[Entries taken from a collection]
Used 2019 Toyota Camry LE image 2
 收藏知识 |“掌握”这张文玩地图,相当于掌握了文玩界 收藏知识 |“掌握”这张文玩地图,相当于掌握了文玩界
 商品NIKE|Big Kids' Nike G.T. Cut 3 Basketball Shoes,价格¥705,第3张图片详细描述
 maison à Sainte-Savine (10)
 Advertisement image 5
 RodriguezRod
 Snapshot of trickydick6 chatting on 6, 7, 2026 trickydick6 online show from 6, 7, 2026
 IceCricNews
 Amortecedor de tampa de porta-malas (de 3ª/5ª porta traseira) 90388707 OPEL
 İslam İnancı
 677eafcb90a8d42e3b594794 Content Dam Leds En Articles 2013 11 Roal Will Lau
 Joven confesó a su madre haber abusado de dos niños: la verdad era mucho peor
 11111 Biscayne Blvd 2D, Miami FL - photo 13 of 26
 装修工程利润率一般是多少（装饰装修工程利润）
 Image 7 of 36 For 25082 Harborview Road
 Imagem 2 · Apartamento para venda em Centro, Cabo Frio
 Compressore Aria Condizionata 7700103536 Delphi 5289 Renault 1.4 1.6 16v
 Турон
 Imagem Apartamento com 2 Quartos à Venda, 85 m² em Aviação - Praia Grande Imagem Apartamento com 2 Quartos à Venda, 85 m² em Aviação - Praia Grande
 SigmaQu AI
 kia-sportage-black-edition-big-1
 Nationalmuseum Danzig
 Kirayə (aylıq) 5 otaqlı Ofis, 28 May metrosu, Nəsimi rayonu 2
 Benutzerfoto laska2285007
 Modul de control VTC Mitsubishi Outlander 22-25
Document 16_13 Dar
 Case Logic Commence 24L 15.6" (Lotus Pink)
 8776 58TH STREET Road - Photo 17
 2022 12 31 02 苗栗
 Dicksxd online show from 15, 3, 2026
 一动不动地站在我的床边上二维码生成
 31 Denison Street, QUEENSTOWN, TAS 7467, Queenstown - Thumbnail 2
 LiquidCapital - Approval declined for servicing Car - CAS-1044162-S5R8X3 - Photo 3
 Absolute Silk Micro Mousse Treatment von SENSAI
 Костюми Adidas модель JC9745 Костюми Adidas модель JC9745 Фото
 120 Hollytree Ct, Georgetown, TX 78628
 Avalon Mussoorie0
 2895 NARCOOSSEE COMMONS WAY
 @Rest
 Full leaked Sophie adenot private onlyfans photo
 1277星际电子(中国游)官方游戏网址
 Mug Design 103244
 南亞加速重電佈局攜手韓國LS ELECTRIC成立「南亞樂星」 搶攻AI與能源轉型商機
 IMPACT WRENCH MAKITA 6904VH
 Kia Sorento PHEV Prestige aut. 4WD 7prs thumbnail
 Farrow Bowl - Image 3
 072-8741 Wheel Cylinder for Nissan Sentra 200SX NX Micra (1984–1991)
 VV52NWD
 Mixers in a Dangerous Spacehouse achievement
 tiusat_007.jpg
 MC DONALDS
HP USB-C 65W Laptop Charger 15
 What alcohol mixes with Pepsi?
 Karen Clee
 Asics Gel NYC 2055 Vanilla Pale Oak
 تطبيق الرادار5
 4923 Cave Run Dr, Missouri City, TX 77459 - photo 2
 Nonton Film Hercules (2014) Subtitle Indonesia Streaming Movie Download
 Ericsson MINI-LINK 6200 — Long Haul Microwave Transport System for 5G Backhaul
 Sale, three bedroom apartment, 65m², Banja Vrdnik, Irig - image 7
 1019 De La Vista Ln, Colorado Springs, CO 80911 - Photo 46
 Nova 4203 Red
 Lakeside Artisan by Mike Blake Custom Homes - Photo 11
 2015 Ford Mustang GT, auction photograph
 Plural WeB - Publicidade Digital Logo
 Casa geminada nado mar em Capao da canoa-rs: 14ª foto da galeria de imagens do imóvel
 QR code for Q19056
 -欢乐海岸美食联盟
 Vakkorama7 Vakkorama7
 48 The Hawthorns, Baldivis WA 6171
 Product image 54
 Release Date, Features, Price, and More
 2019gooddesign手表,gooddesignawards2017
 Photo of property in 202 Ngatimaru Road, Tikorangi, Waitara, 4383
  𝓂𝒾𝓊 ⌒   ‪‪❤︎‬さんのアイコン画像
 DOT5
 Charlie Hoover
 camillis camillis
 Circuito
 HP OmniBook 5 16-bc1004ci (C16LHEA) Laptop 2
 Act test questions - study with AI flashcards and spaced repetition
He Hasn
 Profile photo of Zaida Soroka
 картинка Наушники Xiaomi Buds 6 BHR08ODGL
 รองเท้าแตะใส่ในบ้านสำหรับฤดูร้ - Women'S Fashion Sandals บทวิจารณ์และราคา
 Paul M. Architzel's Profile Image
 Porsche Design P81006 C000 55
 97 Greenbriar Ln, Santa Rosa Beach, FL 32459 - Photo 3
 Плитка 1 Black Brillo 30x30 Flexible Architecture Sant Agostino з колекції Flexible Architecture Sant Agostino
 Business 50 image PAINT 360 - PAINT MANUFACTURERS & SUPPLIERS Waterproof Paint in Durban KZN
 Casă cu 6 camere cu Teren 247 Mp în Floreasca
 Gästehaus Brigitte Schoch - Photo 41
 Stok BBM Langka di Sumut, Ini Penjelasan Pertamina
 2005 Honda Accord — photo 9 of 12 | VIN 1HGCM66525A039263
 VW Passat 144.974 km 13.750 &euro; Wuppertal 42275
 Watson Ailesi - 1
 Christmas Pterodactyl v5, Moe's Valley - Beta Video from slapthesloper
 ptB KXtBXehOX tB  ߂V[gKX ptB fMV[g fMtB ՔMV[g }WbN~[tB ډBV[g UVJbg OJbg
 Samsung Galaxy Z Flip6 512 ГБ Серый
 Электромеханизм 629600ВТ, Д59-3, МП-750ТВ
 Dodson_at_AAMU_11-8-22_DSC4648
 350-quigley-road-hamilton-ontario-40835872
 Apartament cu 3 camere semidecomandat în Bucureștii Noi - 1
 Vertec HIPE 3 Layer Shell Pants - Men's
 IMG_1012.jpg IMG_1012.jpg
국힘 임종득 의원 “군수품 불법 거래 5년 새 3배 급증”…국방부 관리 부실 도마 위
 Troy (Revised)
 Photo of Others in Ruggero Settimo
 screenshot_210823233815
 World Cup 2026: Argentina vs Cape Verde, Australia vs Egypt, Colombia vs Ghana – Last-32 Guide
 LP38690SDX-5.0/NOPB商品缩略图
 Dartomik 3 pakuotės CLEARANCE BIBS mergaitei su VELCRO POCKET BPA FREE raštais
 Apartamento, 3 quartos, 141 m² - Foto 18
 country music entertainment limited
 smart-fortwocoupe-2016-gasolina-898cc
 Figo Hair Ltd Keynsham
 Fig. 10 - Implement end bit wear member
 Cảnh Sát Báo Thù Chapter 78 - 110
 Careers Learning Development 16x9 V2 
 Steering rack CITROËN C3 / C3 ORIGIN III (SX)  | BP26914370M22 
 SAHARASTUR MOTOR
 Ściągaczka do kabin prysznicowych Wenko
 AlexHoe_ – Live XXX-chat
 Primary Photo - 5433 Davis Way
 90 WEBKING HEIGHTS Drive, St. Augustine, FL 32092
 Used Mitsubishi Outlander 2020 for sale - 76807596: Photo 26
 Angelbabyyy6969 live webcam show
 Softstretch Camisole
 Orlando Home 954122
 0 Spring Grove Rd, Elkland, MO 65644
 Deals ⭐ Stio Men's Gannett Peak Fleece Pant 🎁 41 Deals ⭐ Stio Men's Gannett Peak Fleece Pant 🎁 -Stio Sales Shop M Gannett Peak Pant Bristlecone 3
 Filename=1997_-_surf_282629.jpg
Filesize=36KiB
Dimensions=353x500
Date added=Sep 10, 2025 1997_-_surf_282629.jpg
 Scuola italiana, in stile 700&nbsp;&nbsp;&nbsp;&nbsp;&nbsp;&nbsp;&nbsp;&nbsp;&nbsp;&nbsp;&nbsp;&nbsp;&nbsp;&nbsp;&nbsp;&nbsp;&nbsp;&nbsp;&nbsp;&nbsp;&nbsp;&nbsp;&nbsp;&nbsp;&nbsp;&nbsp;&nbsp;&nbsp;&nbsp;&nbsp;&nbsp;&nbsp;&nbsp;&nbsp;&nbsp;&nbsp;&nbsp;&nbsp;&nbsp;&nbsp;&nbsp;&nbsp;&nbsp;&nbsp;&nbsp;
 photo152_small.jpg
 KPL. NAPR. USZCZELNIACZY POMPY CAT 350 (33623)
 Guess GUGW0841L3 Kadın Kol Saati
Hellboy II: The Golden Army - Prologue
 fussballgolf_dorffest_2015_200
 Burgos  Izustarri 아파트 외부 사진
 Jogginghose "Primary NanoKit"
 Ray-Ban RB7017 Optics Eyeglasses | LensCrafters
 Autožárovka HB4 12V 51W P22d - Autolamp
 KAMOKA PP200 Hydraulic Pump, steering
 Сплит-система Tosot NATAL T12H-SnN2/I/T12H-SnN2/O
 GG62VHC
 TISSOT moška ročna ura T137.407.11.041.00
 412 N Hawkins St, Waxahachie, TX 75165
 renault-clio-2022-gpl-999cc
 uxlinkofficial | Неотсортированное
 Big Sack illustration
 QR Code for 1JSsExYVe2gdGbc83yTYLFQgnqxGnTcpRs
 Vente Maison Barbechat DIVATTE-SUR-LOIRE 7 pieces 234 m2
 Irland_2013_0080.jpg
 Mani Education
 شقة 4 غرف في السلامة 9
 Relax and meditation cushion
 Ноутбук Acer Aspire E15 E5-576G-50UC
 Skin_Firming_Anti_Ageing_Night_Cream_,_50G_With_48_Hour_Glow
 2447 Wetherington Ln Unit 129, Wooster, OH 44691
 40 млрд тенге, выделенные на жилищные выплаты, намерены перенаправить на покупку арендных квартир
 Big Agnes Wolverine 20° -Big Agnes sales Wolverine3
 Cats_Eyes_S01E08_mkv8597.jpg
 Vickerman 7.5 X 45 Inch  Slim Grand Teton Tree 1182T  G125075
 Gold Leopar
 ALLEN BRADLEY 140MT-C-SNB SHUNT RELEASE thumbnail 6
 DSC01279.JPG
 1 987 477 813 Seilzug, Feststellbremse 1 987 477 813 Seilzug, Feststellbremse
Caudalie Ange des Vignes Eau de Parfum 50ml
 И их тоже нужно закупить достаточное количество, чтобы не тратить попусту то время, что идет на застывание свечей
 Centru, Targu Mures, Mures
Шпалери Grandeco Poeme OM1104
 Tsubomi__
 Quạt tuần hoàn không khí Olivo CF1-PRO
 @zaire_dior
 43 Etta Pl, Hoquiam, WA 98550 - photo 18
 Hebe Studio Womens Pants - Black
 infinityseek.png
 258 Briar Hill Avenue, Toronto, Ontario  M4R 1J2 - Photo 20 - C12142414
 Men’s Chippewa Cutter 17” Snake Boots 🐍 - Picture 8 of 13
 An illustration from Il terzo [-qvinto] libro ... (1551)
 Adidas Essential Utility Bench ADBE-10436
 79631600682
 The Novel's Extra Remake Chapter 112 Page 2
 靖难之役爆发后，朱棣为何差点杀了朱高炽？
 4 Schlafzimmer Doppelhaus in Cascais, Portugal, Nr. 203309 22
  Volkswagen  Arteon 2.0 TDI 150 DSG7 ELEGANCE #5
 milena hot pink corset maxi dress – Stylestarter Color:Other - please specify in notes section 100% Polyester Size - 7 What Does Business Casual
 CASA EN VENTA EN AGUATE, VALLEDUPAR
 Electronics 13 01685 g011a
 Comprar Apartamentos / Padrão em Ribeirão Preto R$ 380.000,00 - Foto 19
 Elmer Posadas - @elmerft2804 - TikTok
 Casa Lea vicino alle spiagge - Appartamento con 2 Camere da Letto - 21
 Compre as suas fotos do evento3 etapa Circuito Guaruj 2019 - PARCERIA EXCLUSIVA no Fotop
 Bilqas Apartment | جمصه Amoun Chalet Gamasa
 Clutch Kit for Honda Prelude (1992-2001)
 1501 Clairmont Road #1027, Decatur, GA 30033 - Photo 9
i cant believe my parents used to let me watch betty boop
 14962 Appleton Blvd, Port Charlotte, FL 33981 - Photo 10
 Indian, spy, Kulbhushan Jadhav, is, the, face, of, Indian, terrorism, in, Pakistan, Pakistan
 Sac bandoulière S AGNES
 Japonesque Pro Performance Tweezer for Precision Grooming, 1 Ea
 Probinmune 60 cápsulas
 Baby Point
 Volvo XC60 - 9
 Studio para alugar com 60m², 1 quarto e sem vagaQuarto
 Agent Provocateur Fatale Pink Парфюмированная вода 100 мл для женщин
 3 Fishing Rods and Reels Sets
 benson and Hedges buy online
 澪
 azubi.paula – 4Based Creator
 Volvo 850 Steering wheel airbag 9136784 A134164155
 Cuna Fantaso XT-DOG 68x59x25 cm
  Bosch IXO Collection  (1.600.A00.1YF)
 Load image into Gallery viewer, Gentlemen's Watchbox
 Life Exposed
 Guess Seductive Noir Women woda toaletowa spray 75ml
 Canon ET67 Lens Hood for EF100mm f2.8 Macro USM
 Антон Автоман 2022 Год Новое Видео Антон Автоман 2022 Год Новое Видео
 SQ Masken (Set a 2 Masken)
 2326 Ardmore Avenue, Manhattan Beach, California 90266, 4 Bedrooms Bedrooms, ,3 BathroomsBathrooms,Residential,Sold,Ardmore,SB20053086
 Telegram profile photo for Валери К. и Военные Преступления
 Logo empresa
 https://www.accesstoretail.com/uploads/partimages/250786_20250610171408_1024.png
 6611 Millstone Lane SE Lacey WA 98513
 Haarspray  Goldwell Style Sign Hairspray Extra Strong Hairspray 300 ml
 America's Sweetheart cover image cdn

_TASK DIRECTIONS_. Among the lines above, repeat exactly those from the line with "camillis camillis" to the line with "Primary Photo - 5433 Davis Way", counting both ends.

_WRITTEN REPLY_.
 camillis camillis
 Circuito
 HP OmniBook 5 16-bc1004ci (C16LHEA) Laptop 2
 Act test questions - study with AI flashcards and spaced repetition
He Hasn
 Profile photo of Zaida Soroka
 картинка Наушники Xiaomi Buds 6 BHR08ODGL
 รองเท้าแตะใส่ในบ้านสำหรับฤดูร้ - Women'S Fashion Sandals บทวิจารณ์และราคา
 Paul M. Architzel's Profile Image
 Porsche Design P81006 C000 55
 97 Greenbriar Ln, Santa Rosa Beach, FL 32459 - Photo 3
 Плитка 1 Black Brillo 30x30 Flexible Architecture Sant Agostino з колекції Flexible Architecture Sant Agostino
 Business 50 image PAINT 360 - PAINT MANUFACTURERS & SUPPLIERS Waterproof Paint in Durban KZN
 Casă cu 6 camere cu Teren 247 Mp în Floreasca
 Gästehaus Brigitte Schoch - Photo 41
 Stok BBM Langka di Sumut, Ini Penjelasan Pertamina
 2005 Honda Accord — photo 9 of 12 | VIN 1HGCM66525A039263
 VW Passat 144.974 km 13.750 &euro; Wuppertal 42275
 Watson Ailesi - 1
 Christmas Pterodactyl v5, Moe's Valley - Beta Video from slapthesloper
 ptB KXtBXehOX tB  ߂V[gKX ptB fMV[g fMtB ՔMV[g }WbN~[tB ډBV[g UVJbg OJbg
 Samsung Galaxy Z Flip6 512 ГБ Серый
 Электромеханизм 629600ВТ, Д59-3, МП-750ТВ
 Dodson_at_AAMU_11-8-22_DSC4648
 350-quigley-road-hamilton-ontario-40835872
 Apartament cu 3 camere semidecomandat în Bucureștii Noi - 1
 Vertec HIPE 3 Layer Shell Pants - Men's
 IMG_1012.jpg IMG_1012.jpg
국힘 임종득 의원 “군수품 불법 거래 5년 새 3배 급증”…국방부 관리 부실 도마 위
 Troy (Revised)
 Photo of Others in Ruggero Settimo
 screenshot_210823233815
 World Cup 2026: Argentina vs Cape Verde, Australia vs Egypt, Colombia vs Ghana – Last-32 Guide
 LP38690SDX-5.0/NOPB商品缩略图
 Dartomik 3 pakuotės CLEARANCE BIBS mergaitei su VELCRO POCKET BPA FREE raštais
 Apartamento, 3 quartos, 141 m² - Foto 18
 country music entertainment limited
 smart-fortwocoupe-2016-gasolina-898cc
 Figo Hair Ltd Keynsham
 Fig. 10 - Implement end bit wear member
 Cảnh Sát Báo Thù Chapter 78 - 110
 Careers Learning Development 16x9 V2 
 Steering rack CITROËN C3 / C3 ORIGIN III (SX)  | BP26914370M22 
 SAHARASTUR MOTOR
 Ściągaczka do kabin prysznicowych Wenko
 AlexHoe_ – Live XXX-chat
 Primary Photo - 5433 Davis Way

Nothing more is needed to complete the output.